**Data provided**
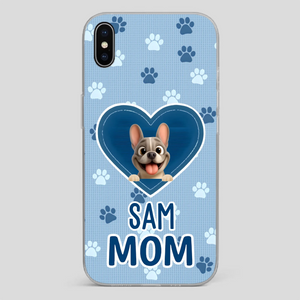 Customized French Bulldog Phone Case – Blue Heart Dog Mom Mobile Cover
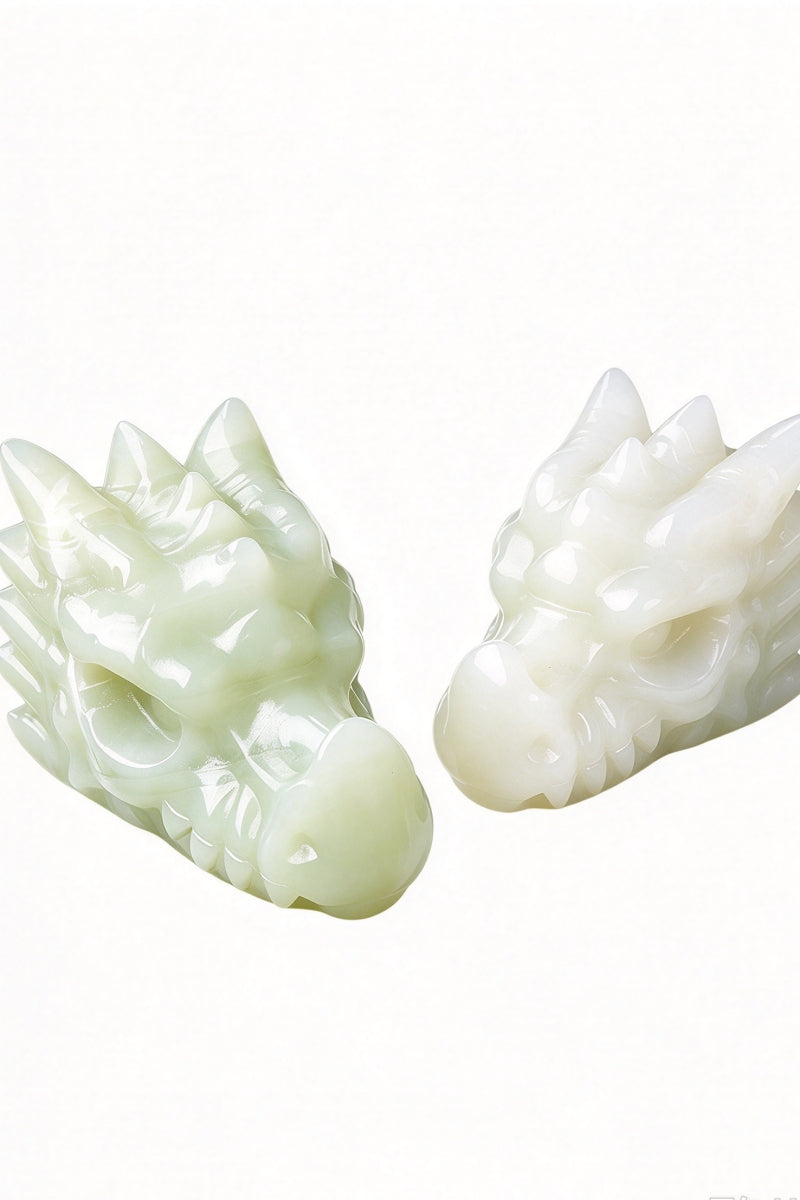 Afghan Jade Dragon Head Carvings 5.91"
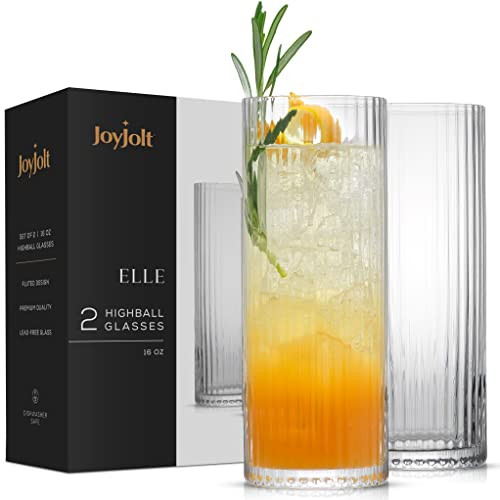JoyJolt Elle 16oz Fluted Highball Glasses Set of 2, Ribbed Tall Cocktail Tumblers for Gin Juice Water, Vintage Style Drinking Glasses | Amazon (US)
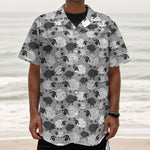 Doodle Sheep Pattern Print Textured Short Sleeve Shirt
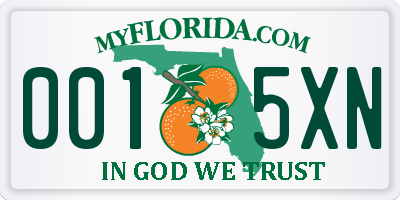 FL license plate 0015XN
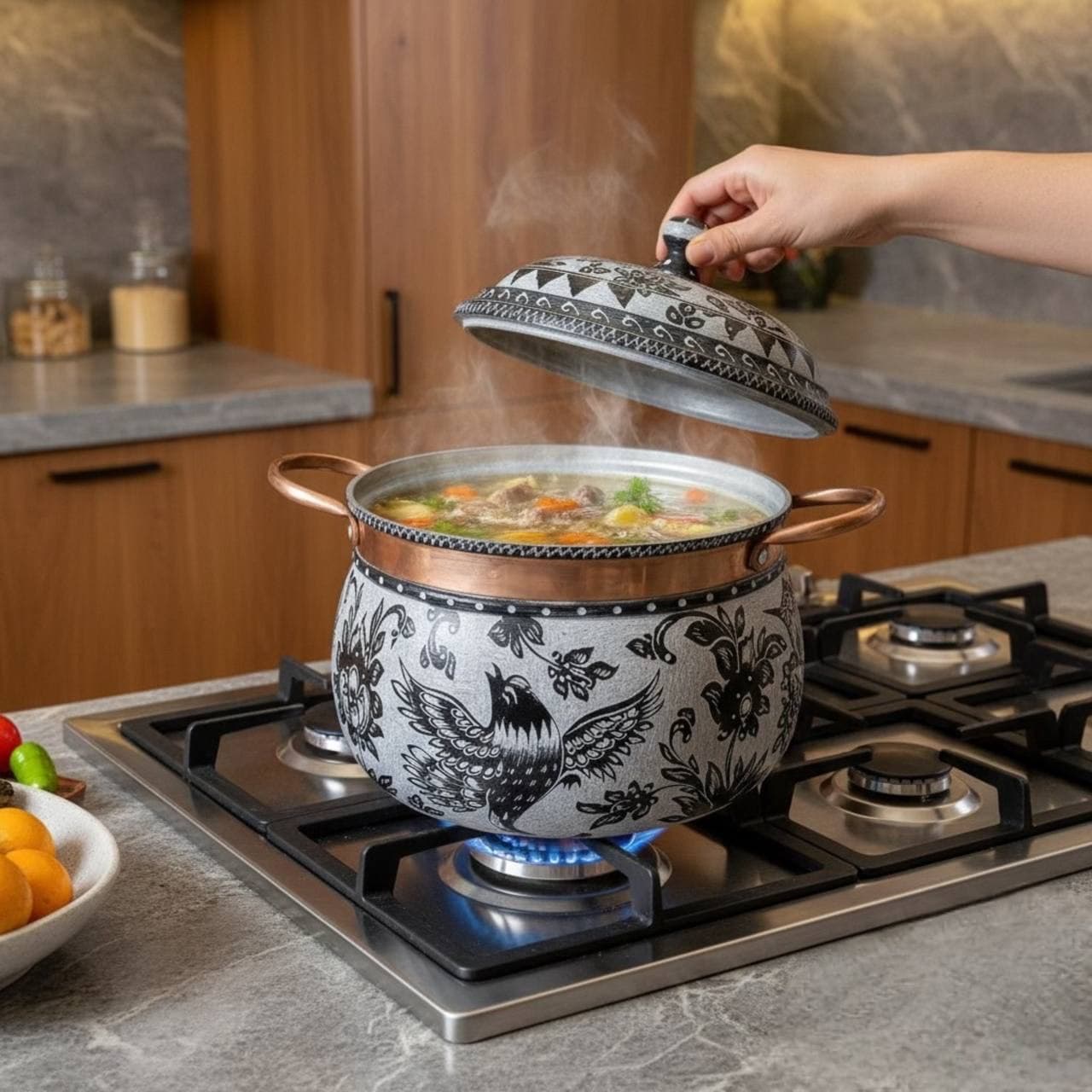 دیگ سنگی درباری با دسته مس طرح ققنوس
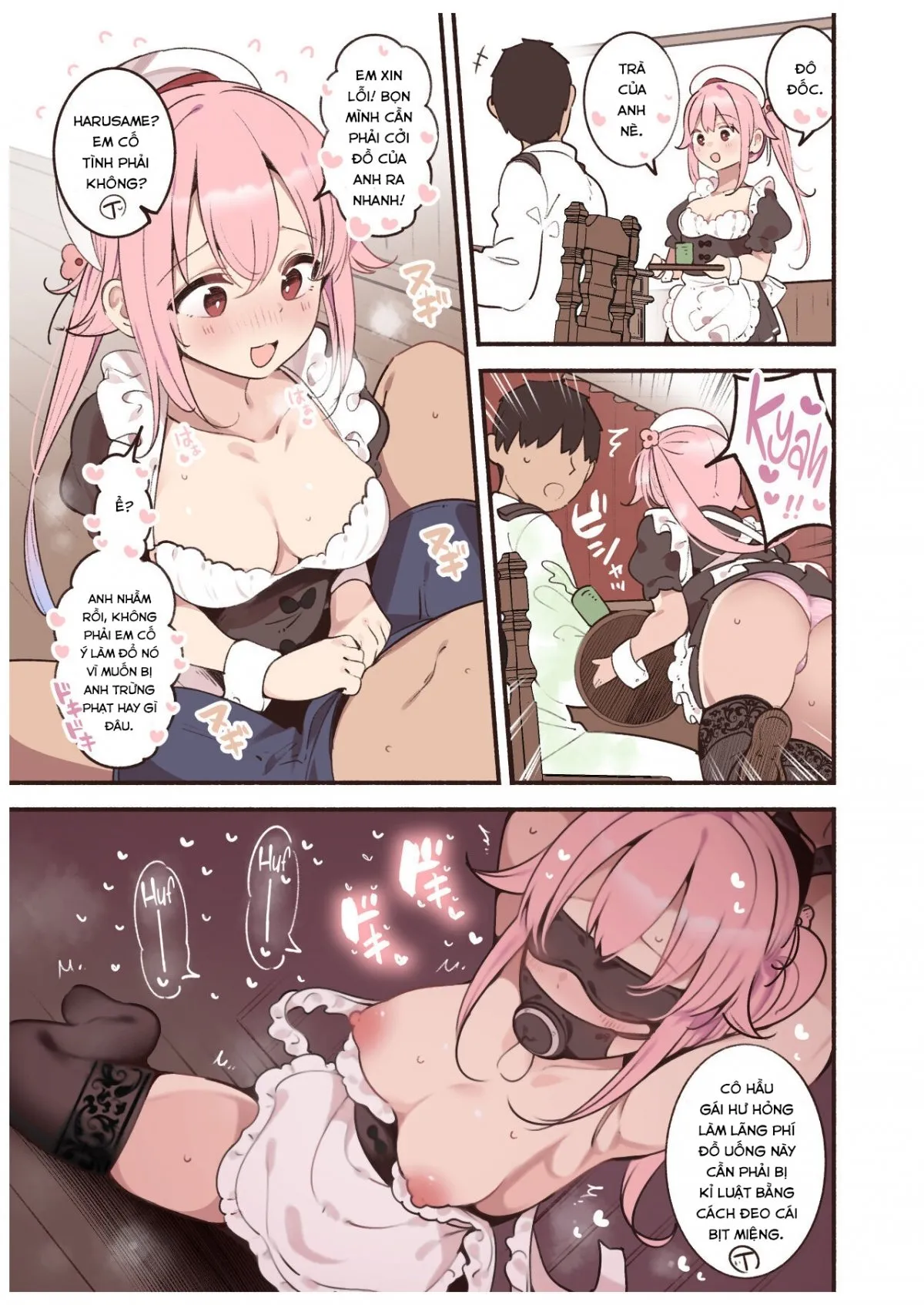 HentaiVN.net - Ảnh 4 - HarusaMaid ni Oshioki Imarachio [HarusaMaid's Deepthroat Punishment] - Chap 1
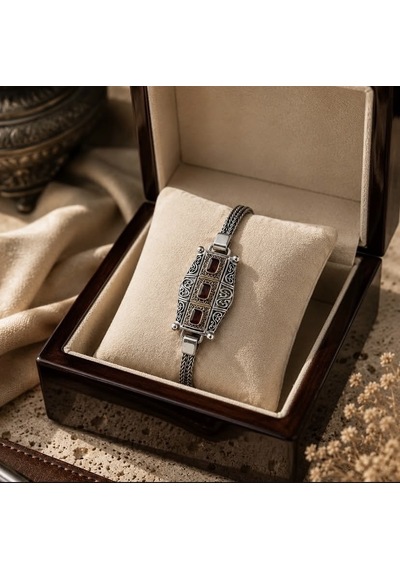 Simurg Jewellery 925 Ayar Gümüş Kırmızı Taşlı Erkek Bileklik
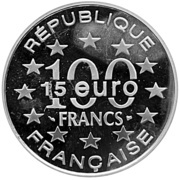 100 Francs / 15 Euro St. Stephen's Cathedral, Vienna obverse image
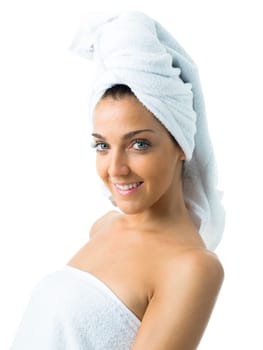 beautiful woman with no make up smiling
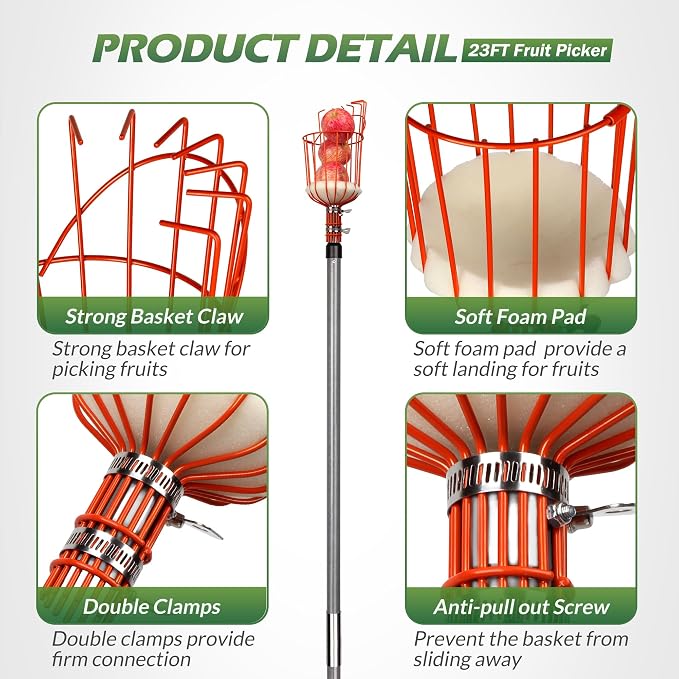 Walensee 23FT Fruit Picker with Basket, 35-276 Inch Ultra-Long Mango Picker Pole, Heavy Duty Cherry Picker Tool for High Tree, Citrus Apple Avocado Pear Lemon Orange Picking, with Storage Bag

**What is expected**
Every line of the data above is to be set down exactly; the pictures are not.

**Task result**
 Customized French Bulldog Phone Case – Blue Heart Dog Mom Mobile Cover
 Afghan Jade Dragon Head Carvings 5.91"
JoyJolt Elle 16oz Fluted Highball Glasses Set of 2, Ribbed Tall Cocktail Tumblers for Gin Juice Water, Vintage Style Drinking Glasses | Amazon (US)
 Doodle Sheep Pattern Print Textured Short Sleeve Shirt
 FL license plate 0015XN
 دیگ سنگی درباری با دسته مس طرح ققنوس
 HentaiVN.net - Ảnh 4 - HarusaMaid ni Oshioki Imarachio [HarusaMaid's Deepthroat Punishment] - Chap 1
 Simurg Jewellery 925 Ayar Gümüş Kırmızı Taşlı Erkek Bileklik
 100 Francs / 15 Euro St. Stephen's Cathedral, Vienna obverse image
 beautiful woman with no make up smiling
 Walensee 23FT Fruit Picker with Basket, 35-276 Inch Ultra-Long Mango Picker Pole, Heavy Duty Cherry Picker Tool for High Tree, Citrus Apple Avocado Pear Lemon Orange Picking, with Storage Bag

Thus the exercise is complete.